══ The data ══
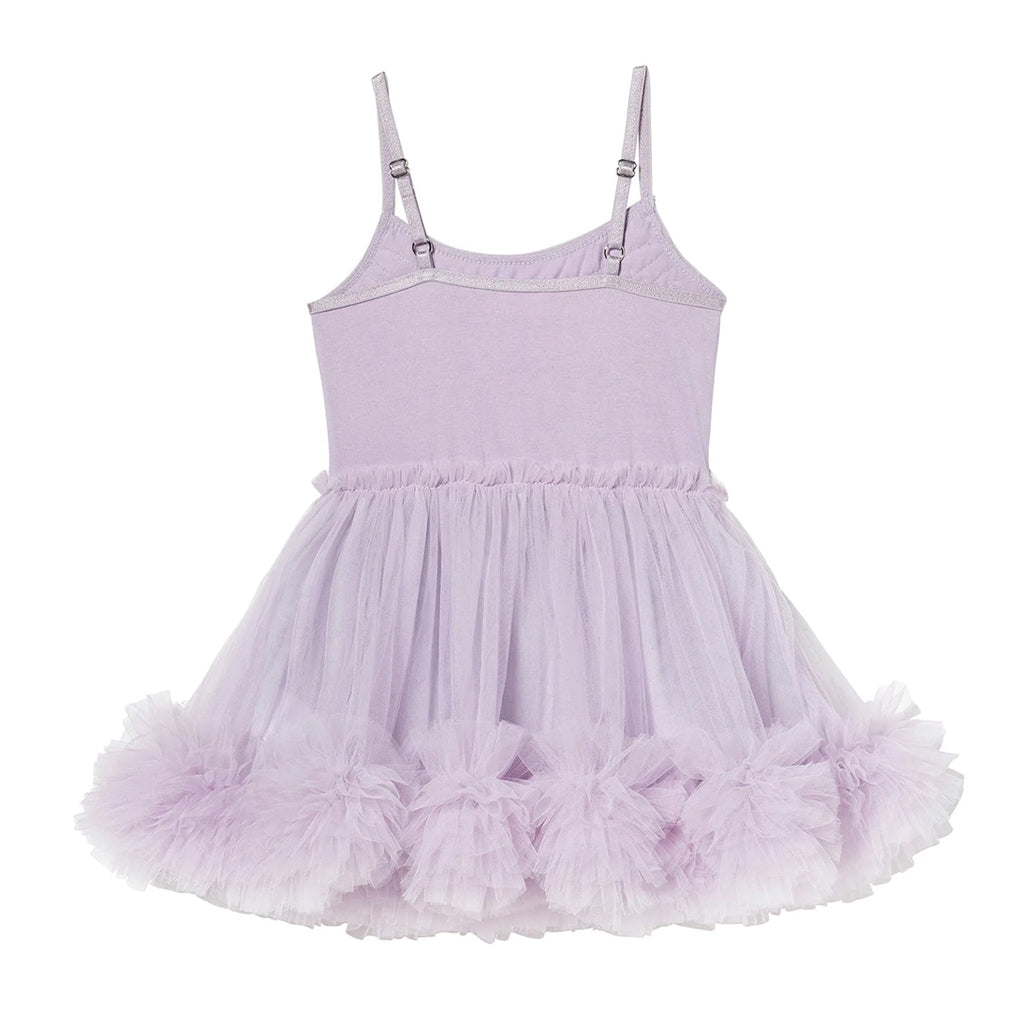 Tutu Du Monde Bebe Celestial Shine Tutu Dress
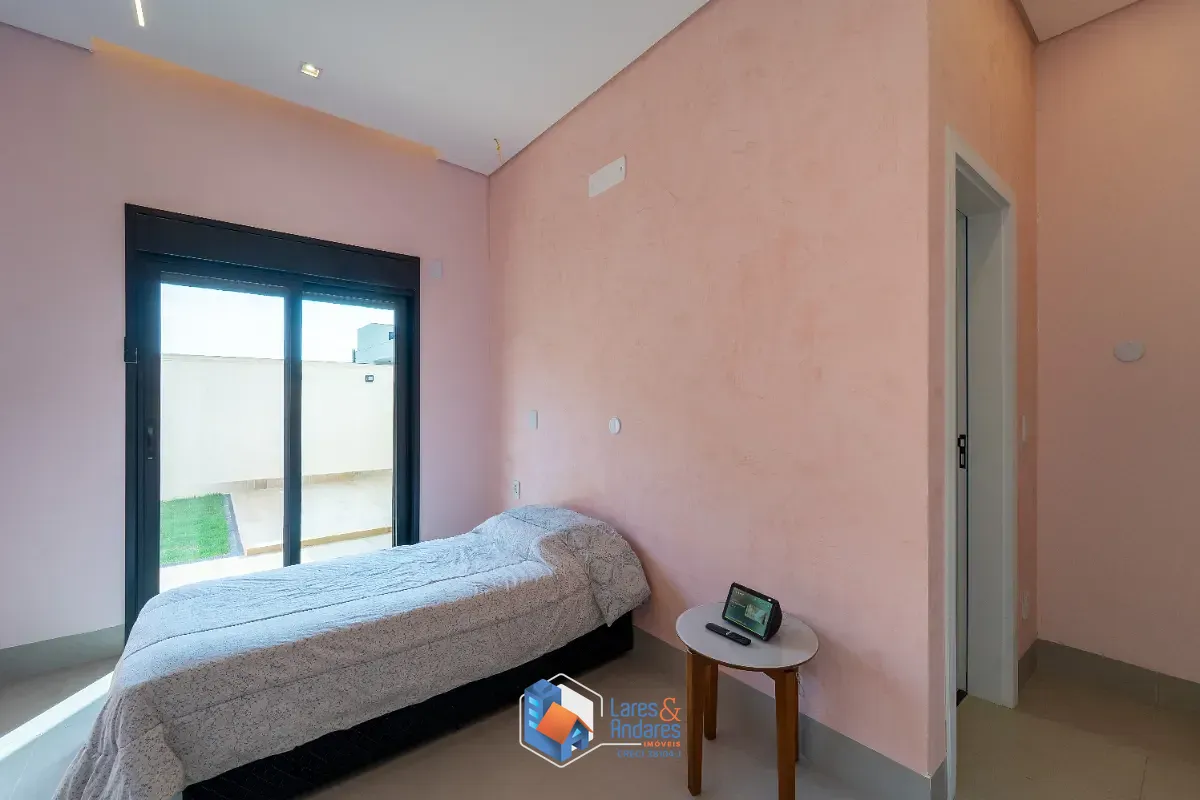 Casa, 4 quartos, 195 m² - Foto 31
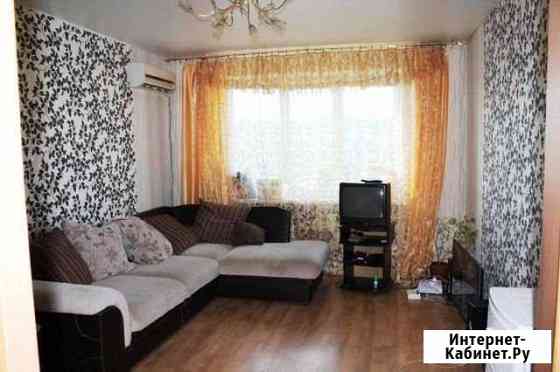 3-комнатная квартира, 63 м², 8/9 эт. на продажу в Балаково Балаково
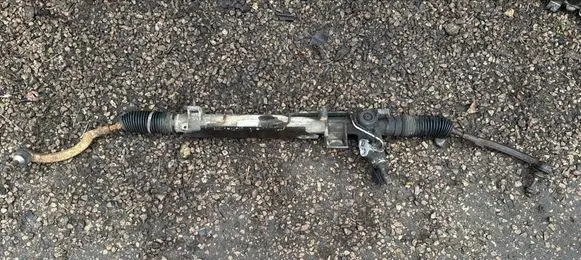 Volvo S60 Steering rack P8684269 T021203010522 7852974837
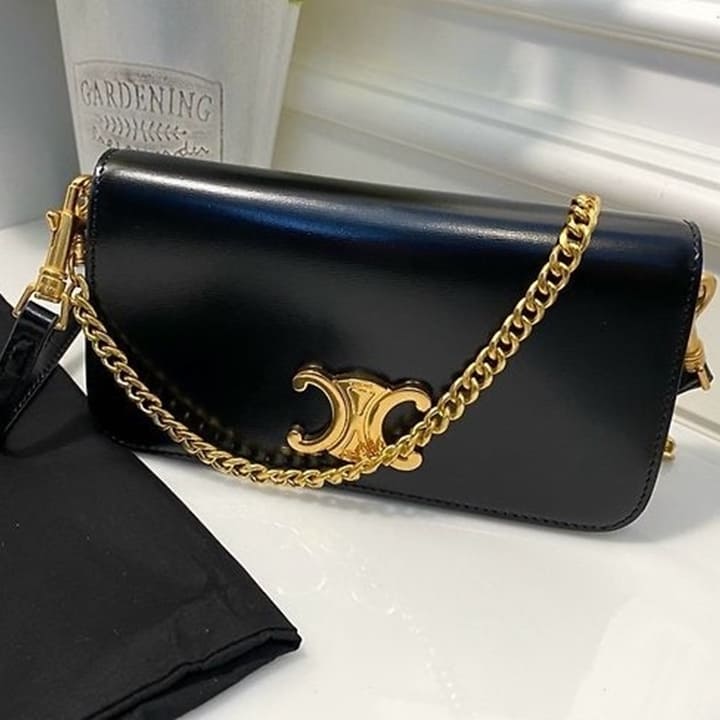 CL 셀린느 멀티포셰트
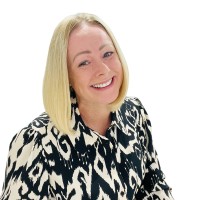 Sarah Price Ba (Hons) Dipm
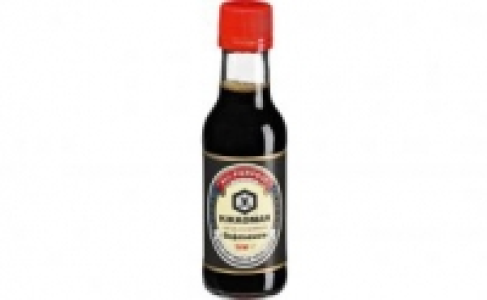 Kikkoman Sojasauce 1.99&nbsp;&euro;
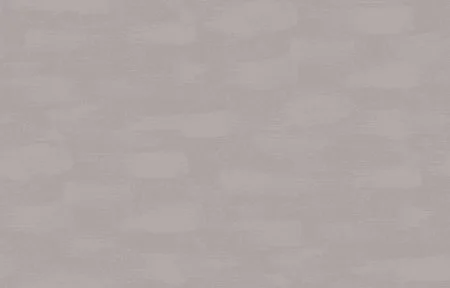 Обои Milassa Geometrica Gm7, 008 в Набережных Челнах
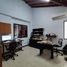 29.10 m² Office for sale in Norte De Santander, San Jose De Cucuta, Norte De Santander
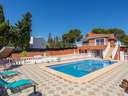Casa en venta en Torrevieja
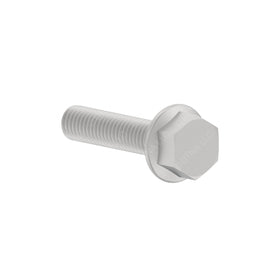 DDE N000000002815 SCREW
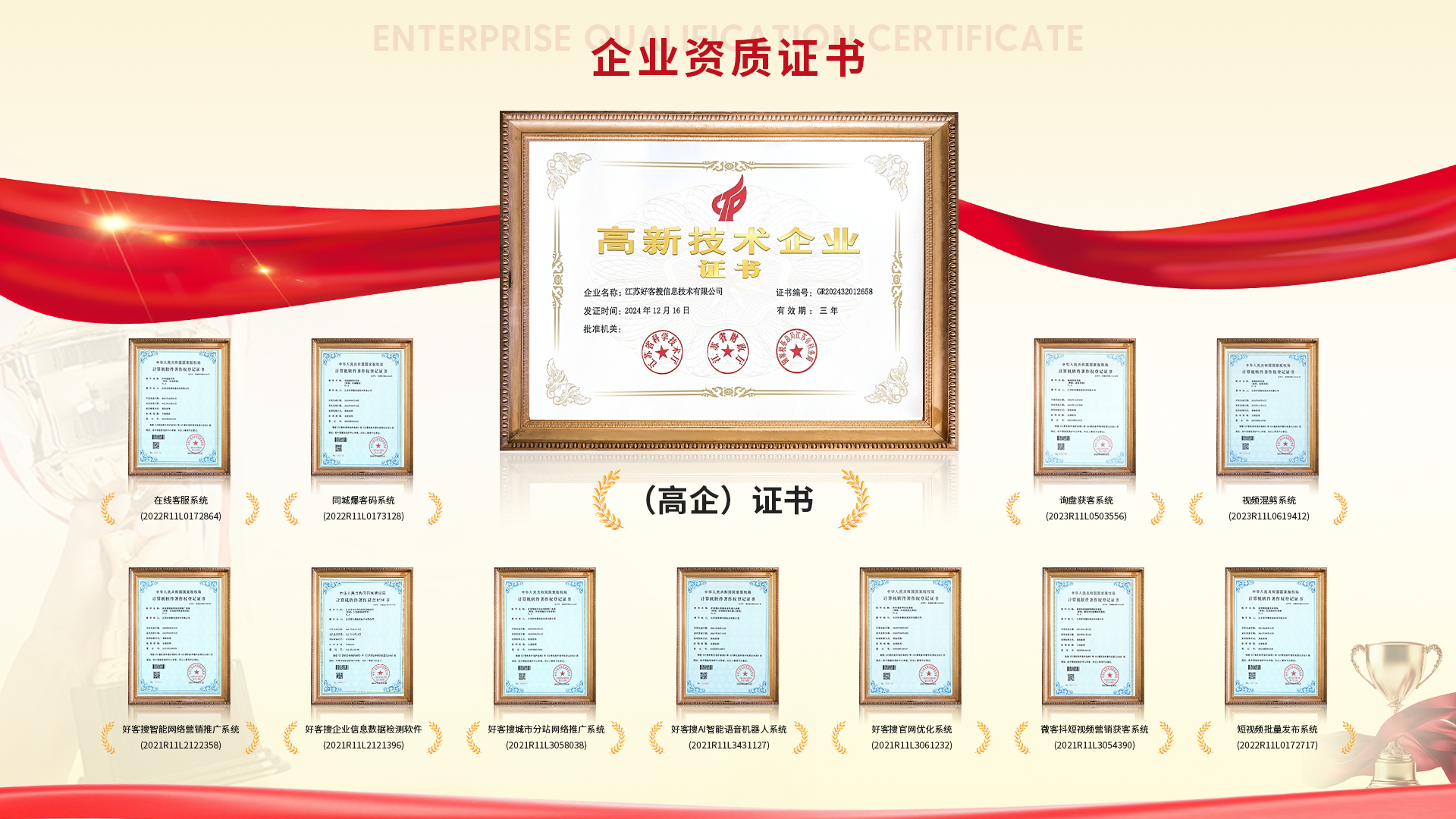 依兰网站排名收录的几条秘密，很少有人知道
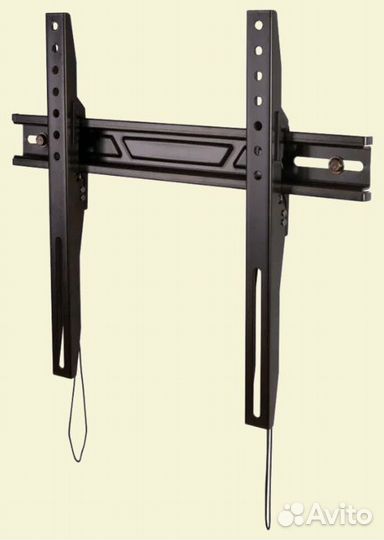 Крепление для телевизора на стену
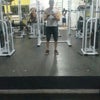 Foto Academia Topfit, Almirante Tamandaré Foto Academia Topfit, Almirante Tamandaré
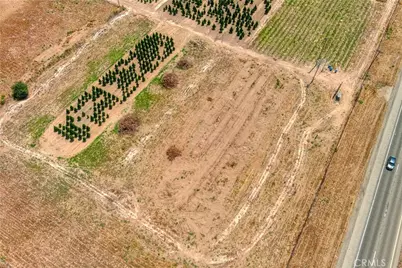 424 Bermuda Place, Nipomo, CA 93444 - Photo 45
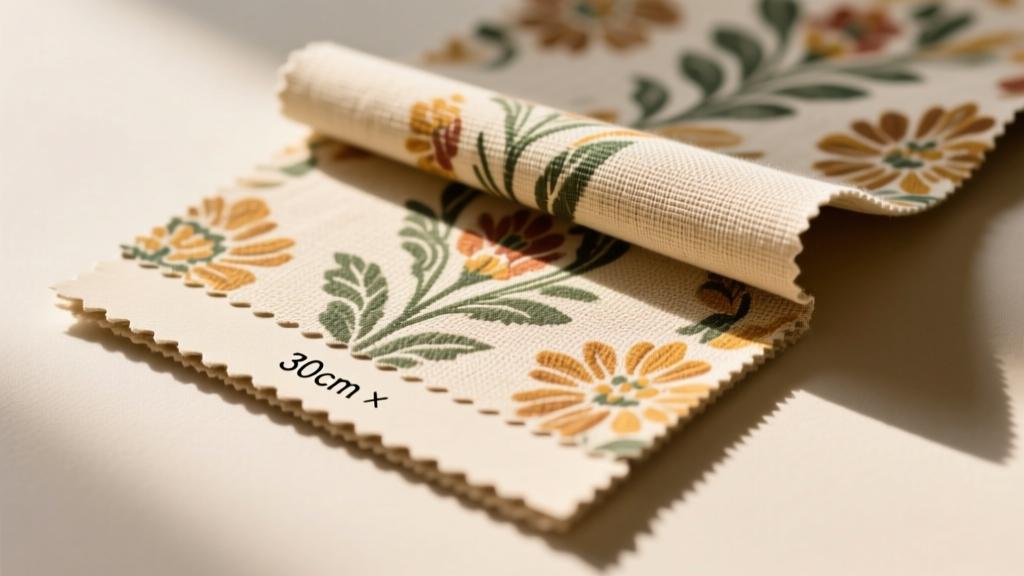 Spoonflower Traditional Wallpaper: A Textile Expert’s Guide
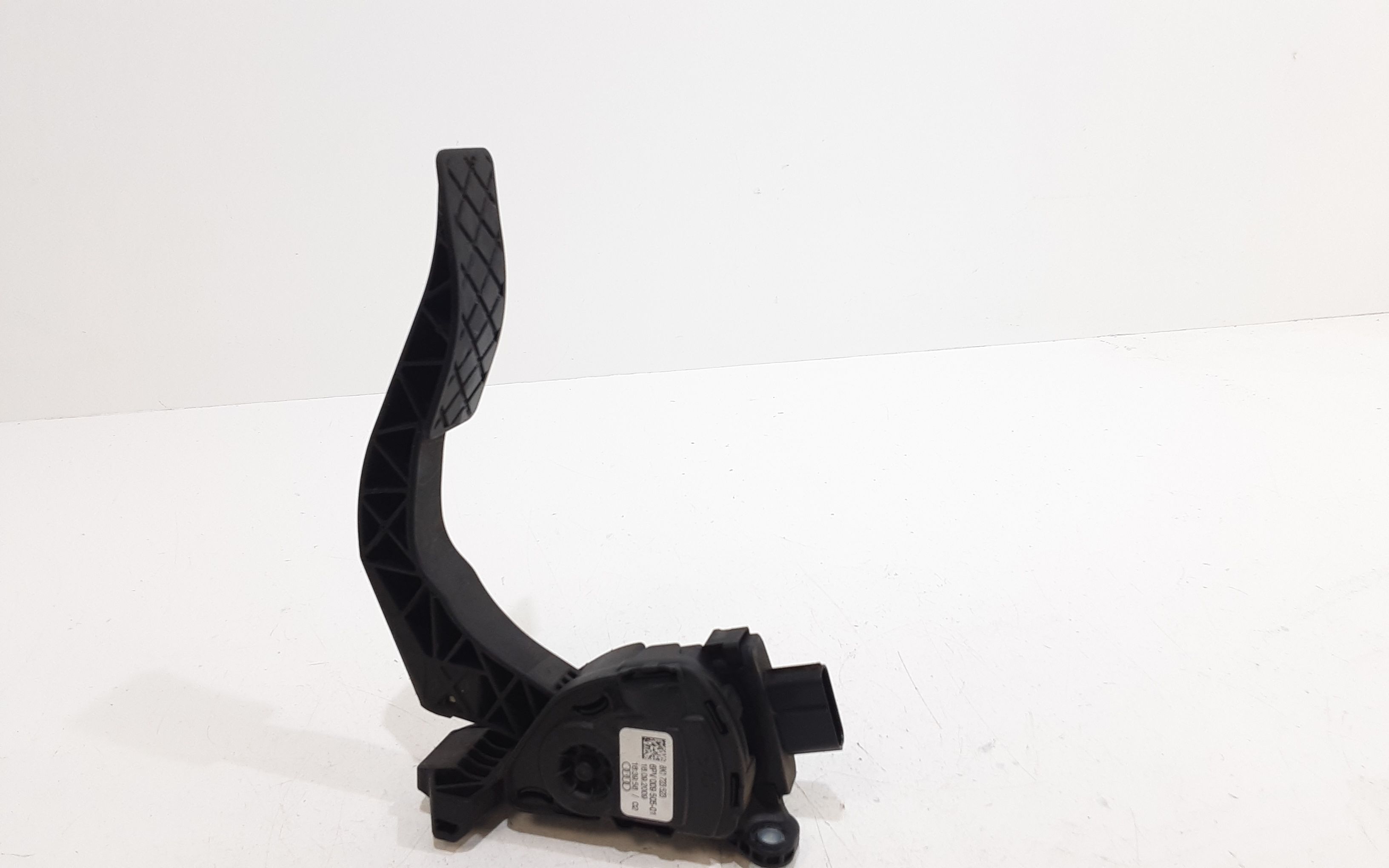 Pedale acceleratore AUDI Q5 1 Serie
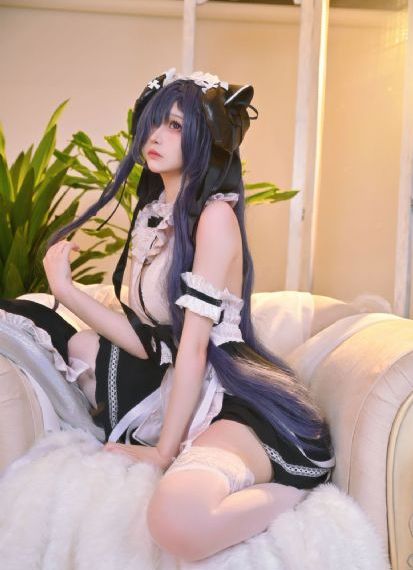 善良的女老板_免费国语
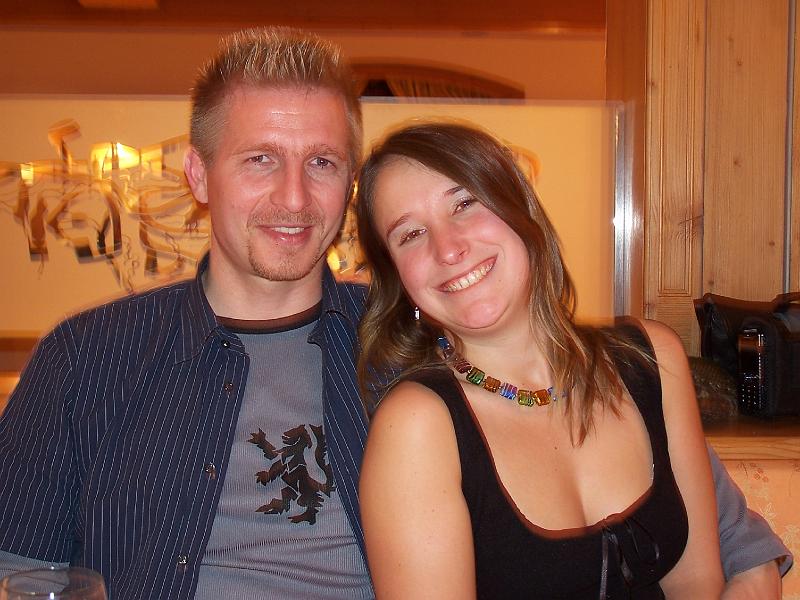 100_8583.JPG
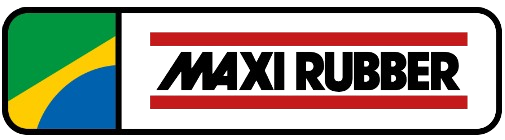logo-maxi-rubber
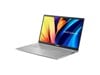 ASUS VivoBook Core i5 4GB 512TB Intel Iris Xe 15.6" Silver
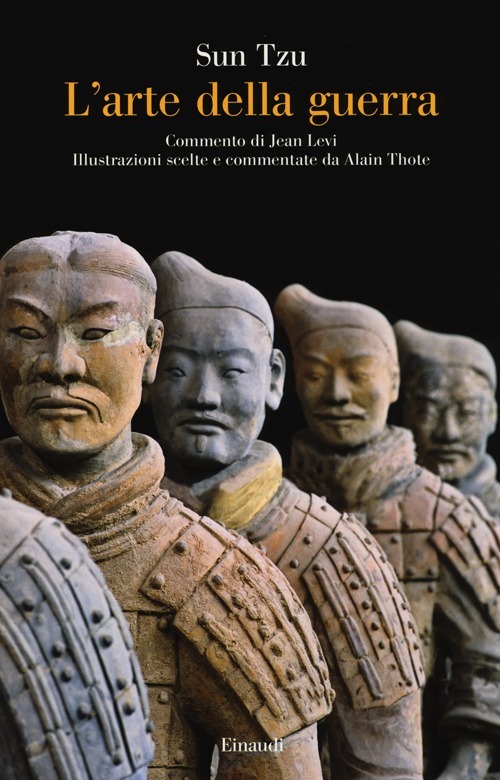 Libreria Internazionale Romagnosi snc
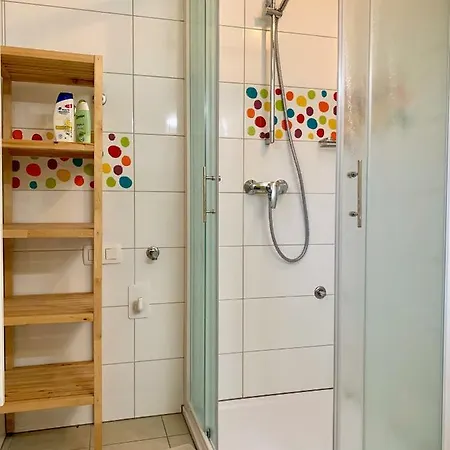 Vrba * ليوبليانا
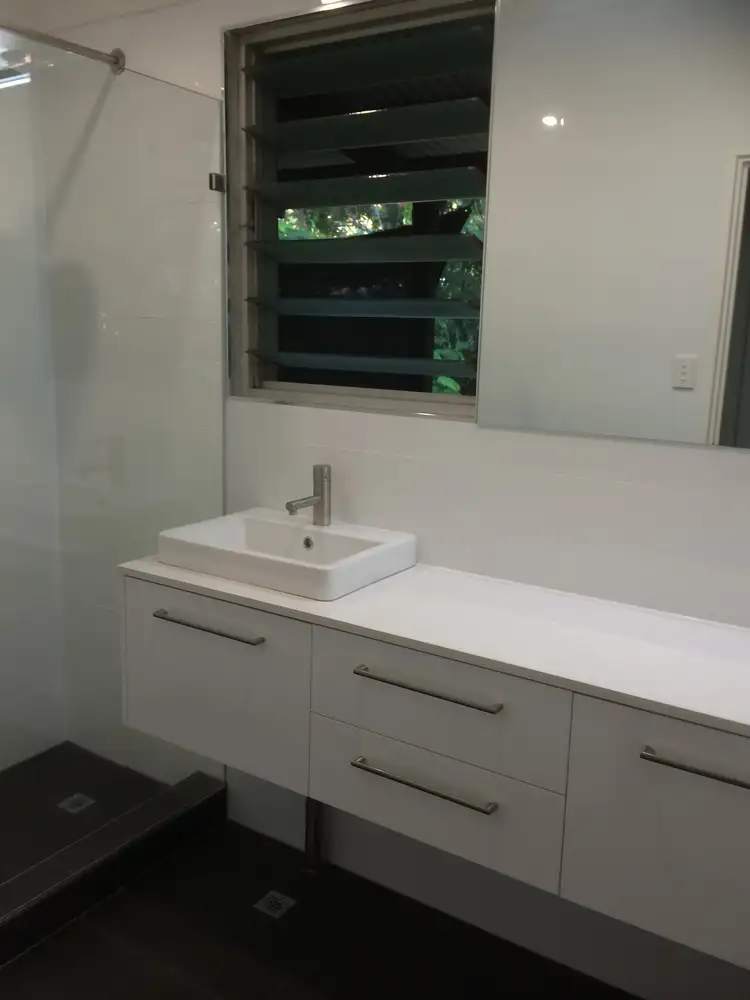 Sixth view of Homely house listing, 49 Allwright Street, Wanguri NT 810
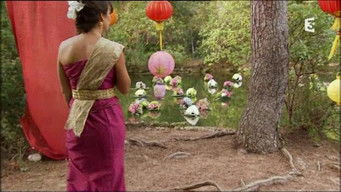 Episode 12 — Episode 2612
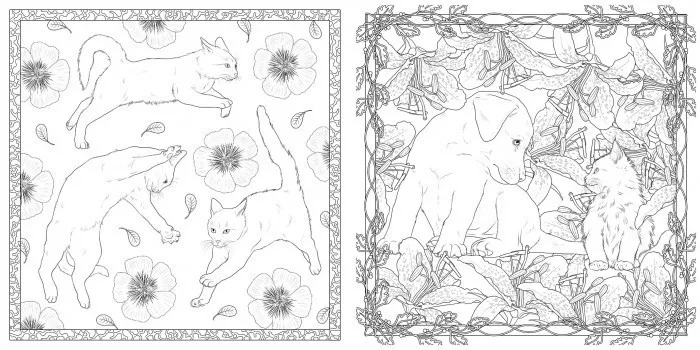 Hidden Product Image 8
═══
Your goal ::
Word for word and without any pictures, return all of the lines above.

Solution for this exercise ::
 Tutu Du Monde Bebe Celestial Shine Tutu Dress
 Casa, 4 quartos, 195 m² - Foto 31
 3-комнатная квартира, 63 м², 8/9 эт. на продажу в Балаково Балаково
 Volvo S60 Steering rack P8684269 T021203010522 7852974837
 CL 셀린느 멀티포셰트
 Sarah Price Ba (Hons) Dipm
 Kikkoman Sojasauce 1.99&nbsp;&euro;
 Обои Milassa Geometrica Gm7, 008 в Набережных Челнах
 29.10 m² Office for sale in Norte De Santander, San Jose De Cucuta, Norte De Santander
Casa en venta en Torrevieja
 DDE N000000002815 SCREW
 依兰网站排名收录的几条秘密，很少有人知道
 Крепление для телевизора на стену
 Foto Academia Topfit, Almirante Tamandaré Foto Academia Topfit, Almirante Tamandaré
 424 Bermuda Place, Nipomo, CA 93444 - Photo 45
 Spoonflower Traditional Wallpaper: A Textile Expert’s Guide
 Pedale acceleratore AUDI Q5 1 Serie
 善良的女老板_免费国语
 100_8583.JPG
logo-maxi-rubber
 ASUS VivoBook Core i5 4GB 512TB Intel Iris Xe 15.6" Silver
 Libreria Internazionale Romagnosi snc
 Vrba * ليوبليانا
 Sixth view of Homely house listing, 49 Allwright Street, Wanguri NT 810
 Episode 12 — Episode 2612
 Hidden Product Image 8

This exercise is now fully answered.